Work order: Restate the listing below line for line and word for word, without the pictures.

Supplied material:
====

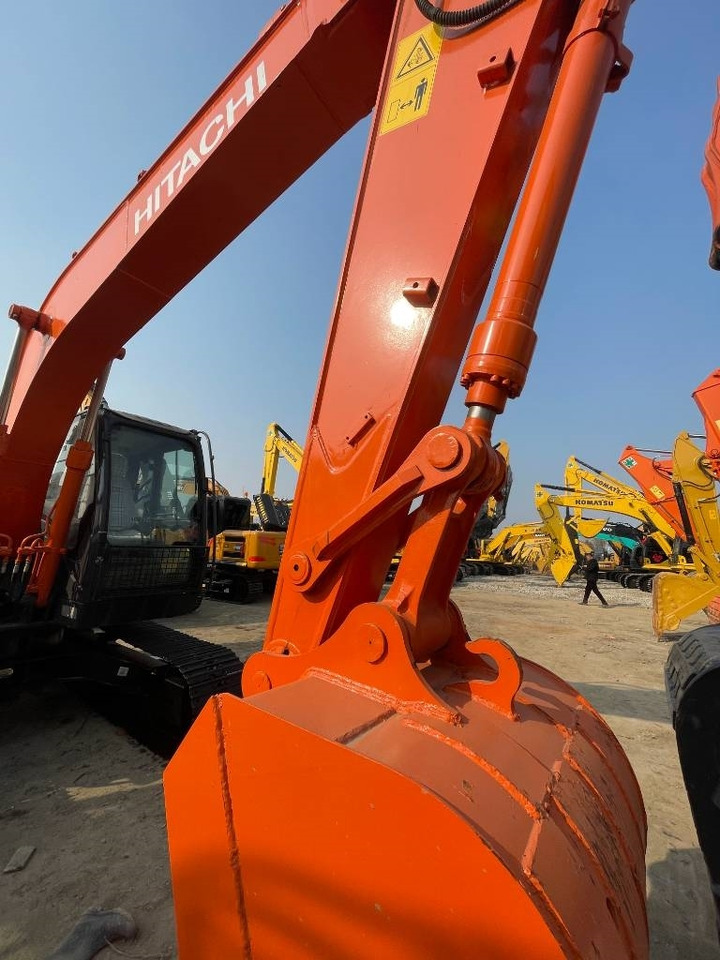 Hitachi ZX 130 - Pelle sur chenille: photos 3 Hitachi ZX 130 - Pelle sur chenille: photos 3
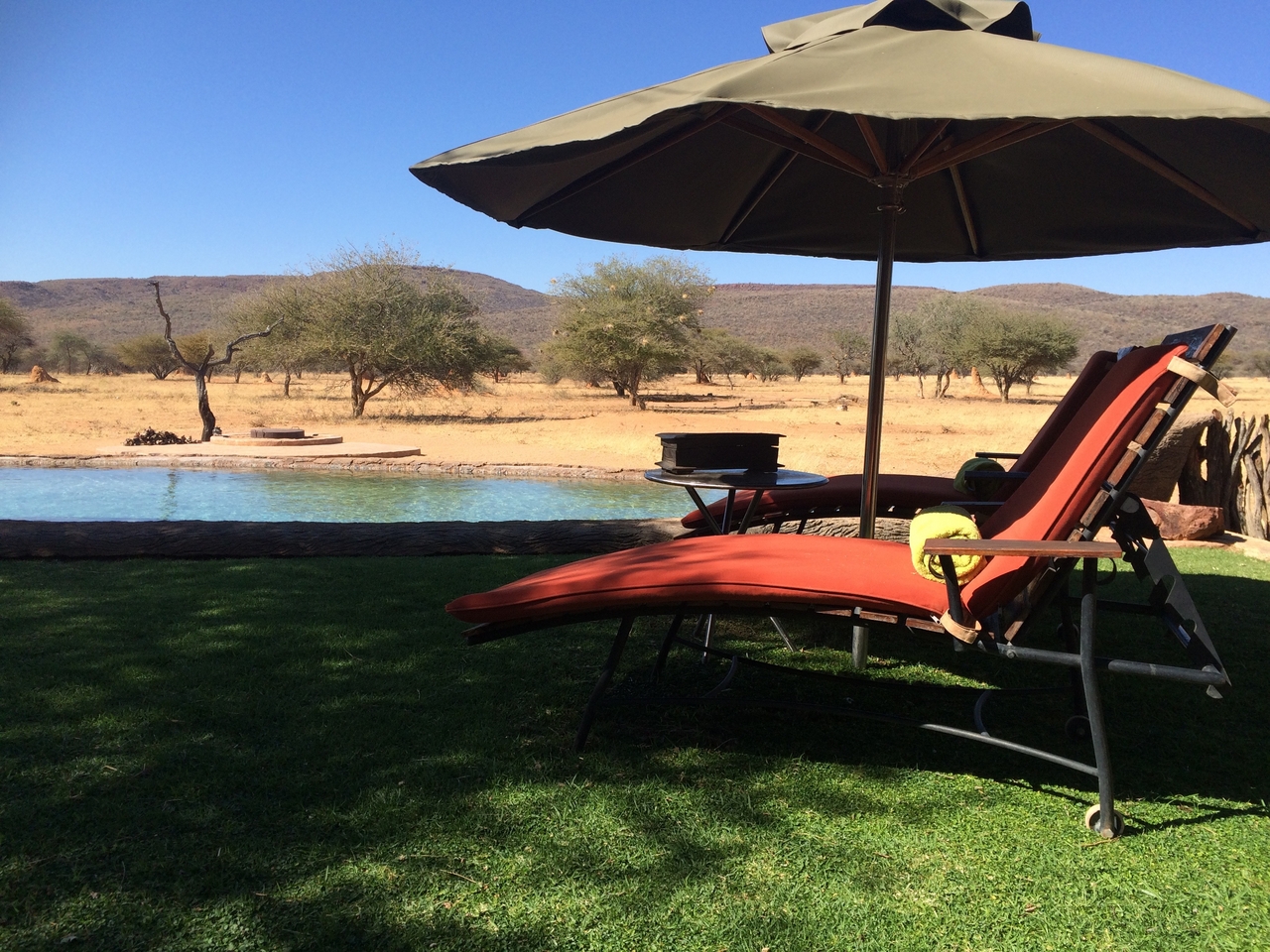 [2148] 2016_06_22_05_42_51_Africa_iPhone_5s_IMG__00171.jpg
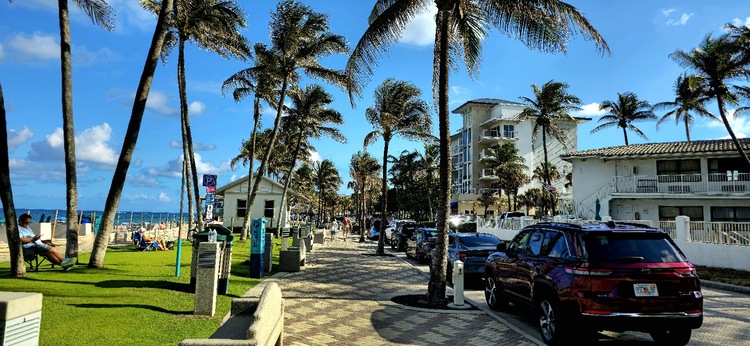 Sunrider Beach Resort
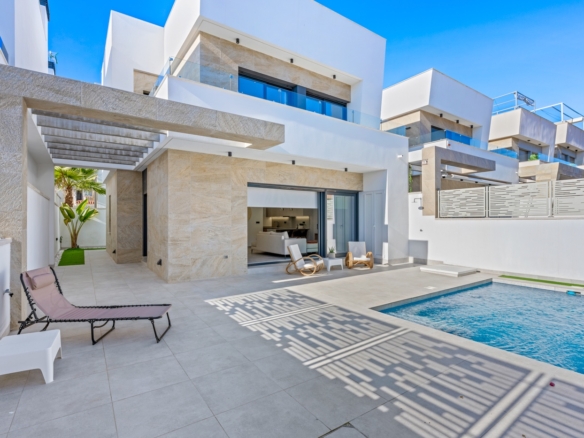 Villa in Orihuela Costa – YC418153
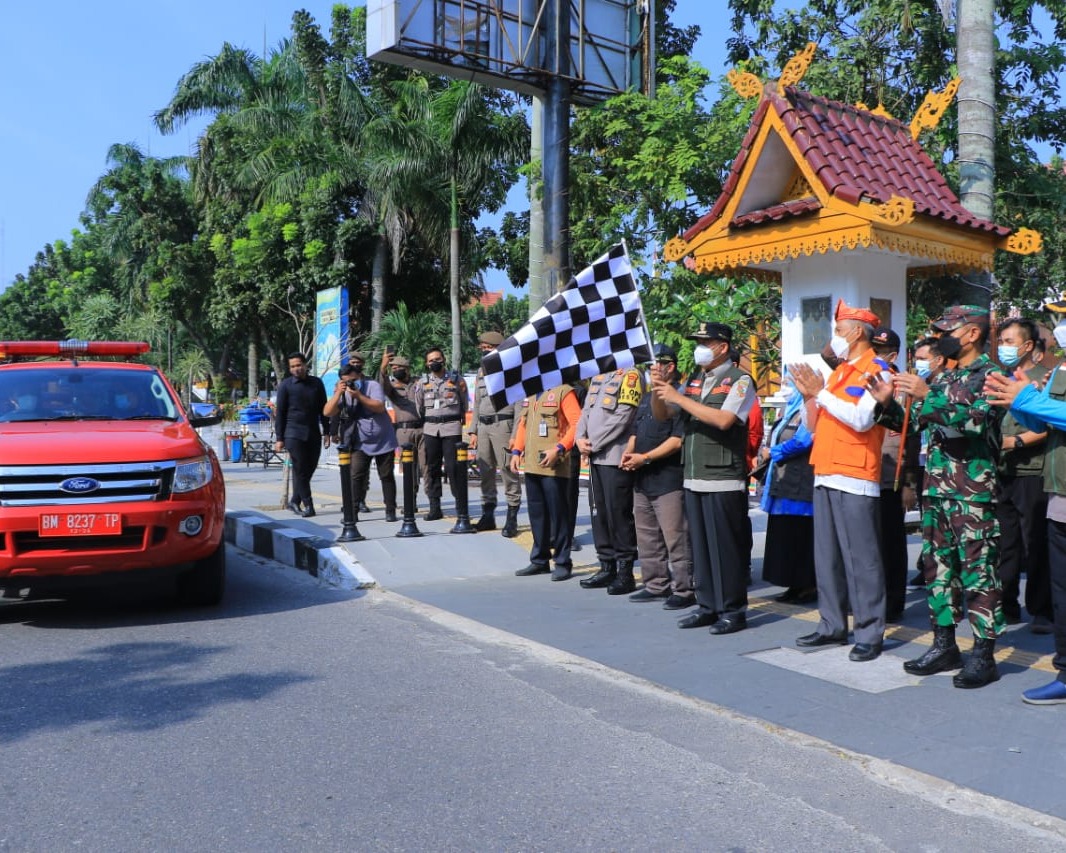Dandim 0301/PBR Dampingi Wali Kota Pekanbaru Bersama Forkompinda Kota Lepas Tim Satgas Covid-19 Untuk Lakukan Penyemprotan Disinfektan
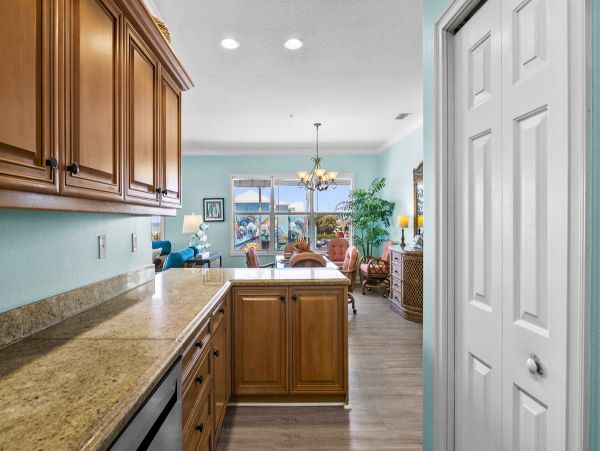 Luxury Anna Maria Beachfront Condo - Sleeps 8 - Gulf Views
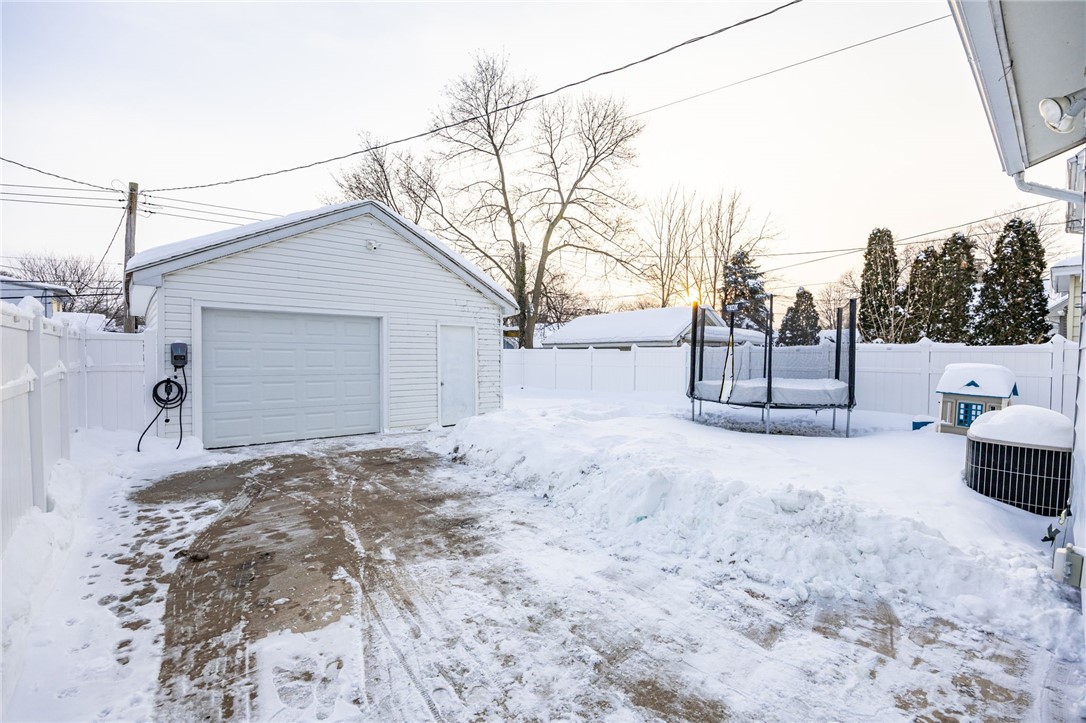 20 Florida Avenue Greece, NY 14616 - Photo 4 of 49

====

Solution:
 Hitachi ZX 130 - Pelle sur chenille: photos 3 Hitachi ZX 130 - Pelle sur chenille: photos 3
 [2148] 2016_06_22_05_42_51_Africa_iPhone_5s_IMG__00171.jpg
 Sunrider Beach Resort
 Villa in Orihuela Costa – YC418153
Dandim 0301/PBR Dampingi Wali Kota Pekanbaru Bersama Forkompinda Kota Lepas Tim Satgas Covid-19 Untuk Lakukan Penyemprotan Disinfektan
 Luxury Anna Maria Beachfront Condo - Sleeps 8 - Gulf Views
 20 Florida Avenue Greece, NY 14616 - Photo 4 of 49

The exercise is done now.